The term kiddie tax was introduced by the Tax Reform Act of 1986. The rules are intended to keep parents from shifting their investment income to their children to have it taxed at their child’s lower tax rate. In 2022 the law requires a child’s unearned income (generally dividends, interest, and capital gains) above $2,300 be taxed at their parent’s tax rate.
Who the Kiddie Tax Applies To
- Children under the age of 18
- Full-time students under the age of 24 and providing less than half of their own financial support
- Children with unearned incomes above $2,300
Who/What the Kiddie Tax Does NOT Apply To
- Earned income (wages and self-employed income from things like babysitting or paper routes)
- Children that are age 18 or older and have earnings providing more than half of their support
- Gifts received by your child during the year
How the Kiddie Tax Works
- The first $1,150 of unearned income is generally tax-free
- The next $1,150 of unearned income is taxed at the child’s (usually lower) tax rate
- The excess over $2,300 is taxed at the parent’s rate.
Tax Planning With the Kiddie Tax Rules
While your child’s unearned income above $2,300 is a problem, you will still want to leverage the tax advantage up to this amount. Here are some ideas:
- Maximize your lower tax investment options. Look for gains in your child’s investment accounts to maximize the use of your child’s kiddie tax threshold each year. You could consider selling stocks to capture your child’s investment gains and then buy the stock back later to establish a higher cost basis.
- Be careful where you report a child’s unearned income.

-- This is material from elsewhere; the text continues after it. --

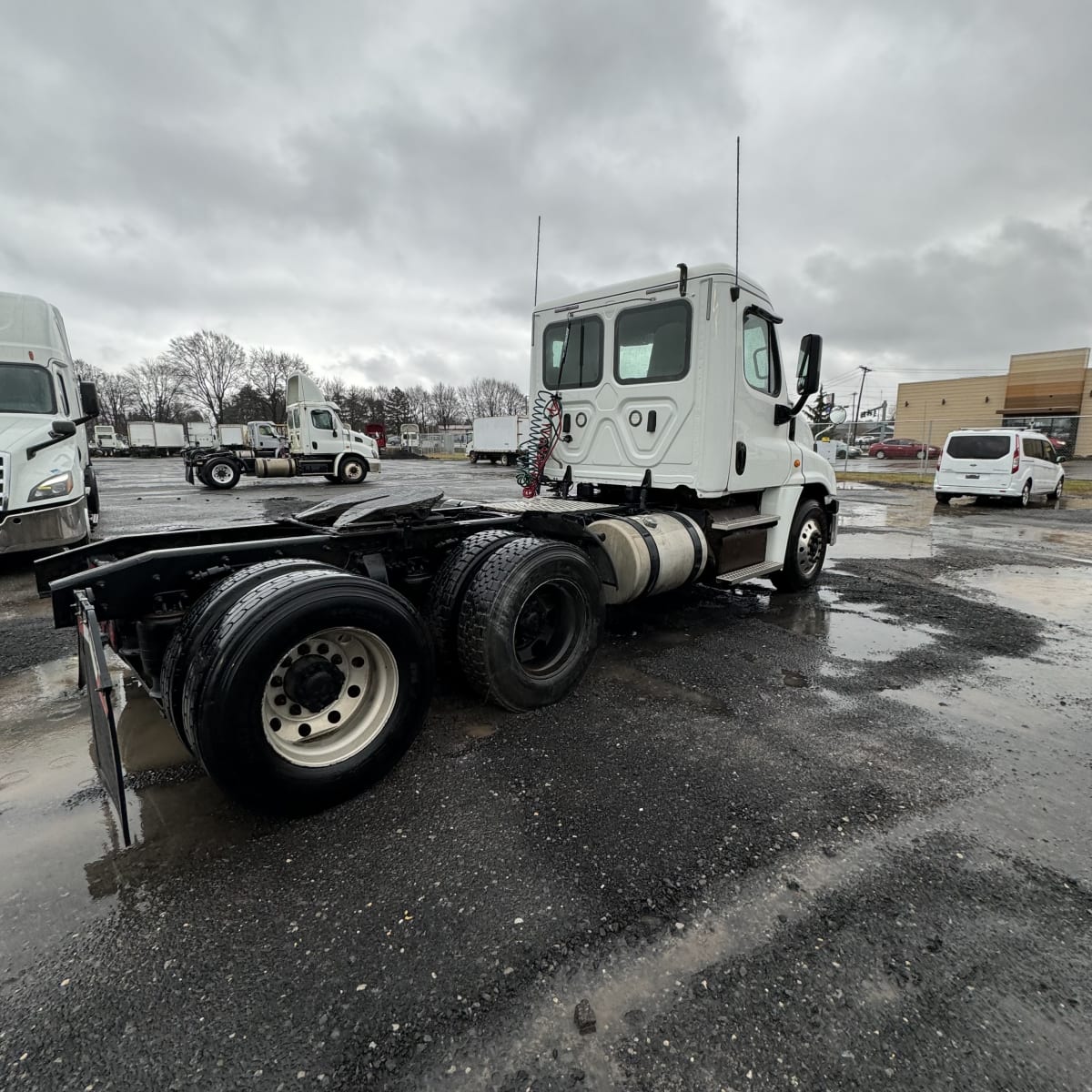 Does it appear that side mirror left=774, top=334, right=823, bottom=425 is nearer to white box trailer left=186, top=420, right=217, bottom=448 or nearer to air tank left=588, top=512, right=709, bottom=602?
air tank left=588, top=512, right=709, bottom=602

Don’t automatically add your child’s unearned income to your tax return. It might inadvertently raise your taxes in surprising ways by reducing your tax benefits in other programs like the American Opportunity Credit.
- Leverage gift giving. If your children are not maximizing tax-free investment income each year, consider gifting funds to allow for unearned income up to the kiddie tax thresholds. Just be careful, as these assets can have an impact on a child’s financial aid when approaching college age years.
Properly managed, the kiddie tax rules can be used to your advantage. But be careful, this part of the tax code can create an unwelcome surprise if not handled properly.